BMC Gastroenterol. 2019 Jun 27;19(1):109. doi: 10.1186/s12876-019-1022-0.

Interactive decision support for esophageal adenocarcinoma screening and surveillance.

Vaughan TL, Onstad L, Dai JY.

Abstract

BACKGROUND:

A key barrier to controlling esophageal adenocarcinoma (EAC) is identifying those most likely to benefit from screening and surveillance. We aimed to develop an online educational tool, termed  IC-RISC™, for providers and patients to estimate more precisely their  absolute  risk of developing EAC, interpret this estimate in the context  of risk  of dying from other causes, and aid in decision-making.

RESULTS:

U.S.  incidence and mortality data and published relative risk estimates from  observational studies and clinical trials were used to calculate  absolute risk of EAC over 10 years adjusting for competing risks. These  input parameters varied depending on presence of the key precursor, Barrett’s esophagus. The open source application works across common devices to gather risk factor data and graphically illustrate estimated risk on a single page. Changes to input data are immediately reflected  in the colored graphs. We used the calculator to compare the risk  distribution between EAC cases and controls from six population-based  studies to gain insight into the discrimination metrics of current  practice guidelines for screening, observing that current guidelines  sacrifice a significant amount of specificity to identify 78-86% of  eventual cases in the US population.

Figure 1.

Figure 1. Risk calculator tab. In example a) A 60-year-old white male with moderate physical activity, non-use of NSAIDs or statins, no family history of BE or EAC, weekly – daily reflux symptoms, a body mass index (BMI) of 28 (“overweight”), who never   smoked cigarettes, and has not been screened (BE status unknown) is   estimated to have a 10-year risk of developing EAC of 5.7 per 1000, or 1   in 175 people of similar characteristics. This is higher than the 10-year risk of dying from colon cancer and stroke for a 60-year-old  white male, but lower than that from injury or heart disease. In example b) this same individual has undergone an upper endoscopy and found to have a visible Barrett’s  segment length of 5 cm, but no evidence of dysplasia. His 10-year risk  is now estimated to be  34.0 per 1000 (1 in 29 people) which is approximately equal to his risk  of dying from heart disease.

Figure 2.

Fig. 2.  Metrics describing estimated 10-year risk in EAC cases and controls based on data from six population-based studies in the BEACON consortium.
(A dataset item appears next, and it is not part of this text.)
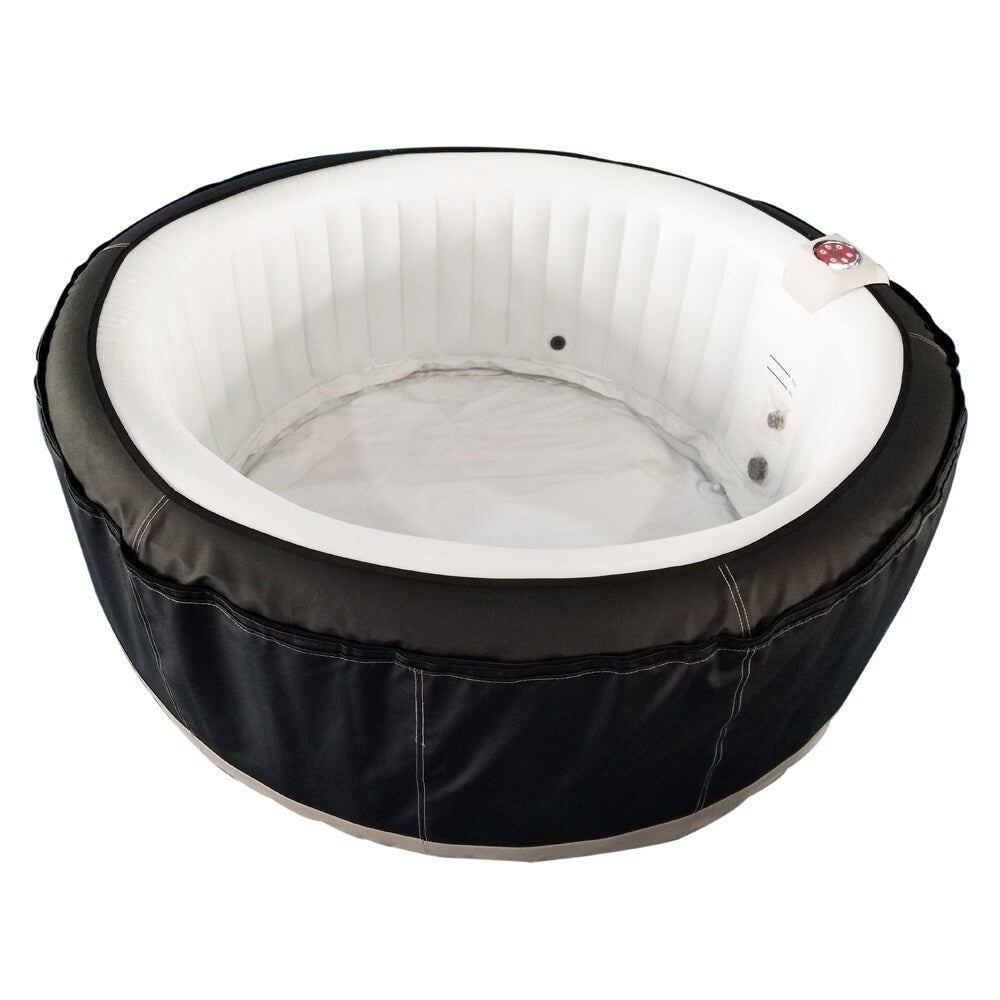 ALEKO Round Inflatable Hot Tub With Cover 4 Person Black and White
The  bottom panel  shows the distribution of 10-year risk estimates by case status. The  solid vertical lines represent examples of an individual for whom  current ACG guidelines suggest that screening endoscopy be  considered. The first (10-year risk=0.66/1000) is for a 40-year-old  male with  weekly-daily reflux and two additional risk factors (white and   BMI>25). The second (10-year risk=0.97/1000) is for a 50-year-old male with weekly-daily reflux and with two different additional risk factors (age?>?50 and positive cigarette smoking history). The top, second and third panels show how specificity, sensitivity and positive predictive value (ppv), respectively, vary according to possible thresholds for further action.

CONCLUSIONS:

This educational tool provides a simple and rapid means to graphically communicate risk of EAC in the context of other health risks, facilitates “what-if” scenarios regarding potential preventative actions, and can inform discussions regarding screening, surveillance  and treatment options. Its generic architecture lends itself to being  easily extended to other cancers with distinct pathways and/or  intermediate stages, such as hepatocellular cancer. IC-RISC™ extends  current qualitative clinical practice guidelines into a quantitative assessment, which brings the possibility of preventative actions being  offered to persons not currently targeted for screening and, conversely, reducing unnecessary procedures in those at low risk. Prospective validation and application to existing well-characterized cohort studies are needed.